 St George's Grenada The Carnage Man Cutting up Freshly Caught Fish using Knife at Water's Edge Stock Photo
--
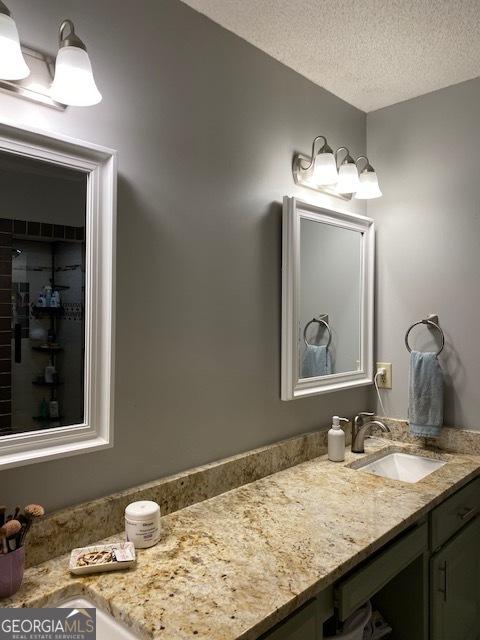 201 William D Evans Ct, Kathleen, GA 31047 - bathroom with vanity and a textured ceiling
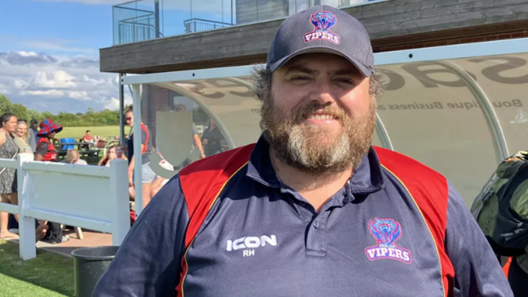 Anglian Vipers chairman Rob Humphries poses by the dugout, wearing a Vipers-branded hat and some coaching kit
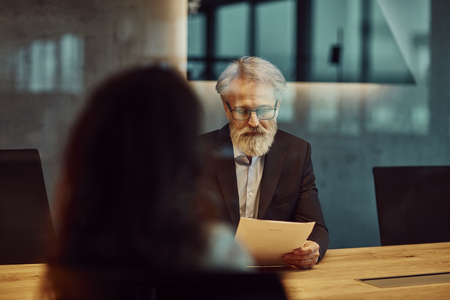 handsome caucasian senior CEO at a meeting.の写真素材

### EXERCISE DESCRIPTION
For the data above, set down exactly the lines from the line with "201 William D" to the line with "handsome caucasian senior", both included, leaving pictures out.

### WRITTEN ANSWER
 201 William D Evans Ct, Kathleen, GA 31047 - bathroom with vanity and a textured ceiling
 Anglian Vipers chairman Rob Humphries poses by the dugout, wearing a Vipers-branded hat and some coaching kit
 handsome caucasian senior CEO at a meeting.の写真素材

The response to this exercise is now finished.